It looks like he is using an ordinary propane torch from a disposable bottle. Not quite what I had in mind, but thought I would share the free video with you all.

[youtube]http://www.youtube.com/watch?v=z36DQlxbTto&feature=related[/youtube]

regards
G


----------



## HAuCl4

Thanks for the pics and descriptions stihl and rusty.

Thinking now that electric vertical tube furnace would be better and safer for my application.

I agree that having much HHO mixed, ready to ignite, can get dangerous, in all but the smallest applications.

Is there a simple HHO cell setup that allows for the gases to remain separate till the very end when they would be mixed and burned inmediately at the torch tip. I.e. Two hoses, one for H2 and one for O2.

I believe that would be safer??


----------



## rusty

HAuCl4 said:


> Thanks for the pics and descriptions stihl and rusty.
> 
> Thinking now that electric vertical tube furnace would be better and safer for my application.
> 
> I agree that having much HHO mixed, ready to ignite, can get dangerous, in all but the smallest applications.
> 
> Is there a simple HHO cell setup that allows for the gases to remain separate till the very end when they would be mixed and burned inmediately at the torch tip. I.e. Two hoses, one for H2 and one for O2.
> 
> I believe that would be safer??



The lab guys out in Aldergrove BC had such a unit that separated the Oxygen from the hydrogen, a local inventor left them a prototype which was nicely enclosed in a commercial looking cabinet with dials and gauges the instructions silk screen on.

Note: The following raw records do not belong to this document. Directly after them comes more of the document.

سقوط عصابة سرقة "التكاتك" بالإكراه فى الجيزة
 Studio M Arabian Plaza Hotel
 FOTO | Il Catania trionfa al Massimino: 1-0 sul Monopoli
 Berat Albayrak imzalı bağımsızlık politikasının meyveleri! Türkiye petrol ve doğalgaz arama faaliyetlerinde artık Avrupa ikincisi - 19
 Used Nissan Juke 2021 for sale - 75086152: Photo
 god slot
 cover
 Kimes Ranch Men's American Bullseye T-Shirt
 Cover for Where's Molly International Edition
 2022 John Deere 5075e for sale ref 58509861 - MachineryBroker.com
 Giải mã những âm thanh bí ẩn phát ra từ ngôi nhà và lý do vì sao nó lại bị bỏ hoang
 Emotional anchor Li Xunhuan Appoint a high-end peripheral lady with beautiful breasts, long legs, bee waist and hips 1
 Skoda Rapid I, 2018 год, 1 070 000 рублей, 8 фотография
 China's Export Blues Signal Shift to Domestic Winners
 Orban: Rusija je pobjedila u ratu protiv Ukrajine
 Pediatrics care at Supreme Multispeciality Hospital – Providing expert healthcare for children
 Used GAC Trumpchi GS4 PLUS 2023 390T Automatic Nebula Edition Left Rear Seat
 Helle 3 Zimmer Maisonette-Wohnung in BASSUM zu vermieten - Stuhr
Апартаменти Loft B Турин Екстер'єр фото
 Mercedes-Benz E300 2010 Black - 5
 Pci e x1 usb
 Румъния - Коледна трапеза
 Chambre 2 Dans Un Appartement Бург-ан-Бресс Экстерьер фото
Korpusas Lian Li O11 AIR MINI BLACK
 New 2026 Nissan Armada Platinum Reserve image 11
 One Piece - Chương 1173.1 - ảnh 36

The unit sat unused for reasons that were never fully disclosed to me.

Regards
G


----------



## stihl88

Won't be going up to the farm today but when i do i'll get some photos.
Dads a big fan of Aircon & a Radio in all of his machinery, he's got two Forestry Log Skidders ones a Cat the others a Timber Jack, hes also got an HD11 Allis Chalmers Dozer and Excavator bobcat etc. Ive had a go of them all and the Excavator is the easiest to operate so far... Not sure about the soundproof cab but he doesn't operate them all day, if he can put up with the sound of the Timberjack running then he could put up with the D7 with ease :roll: 

Hey, take a look at this cheap and quick way of making your own hydrogen, pretty cool if you ask me.
[youtube]http://www.youtube.com/watch?v=m9Q6gDKP2R0[/youtube]


----------



## rusty

Found a nice set of plans for a large 101 plate dry cell, with schematics for a pulse driver, gas pressure switch, and a water level switch with pump diagram. 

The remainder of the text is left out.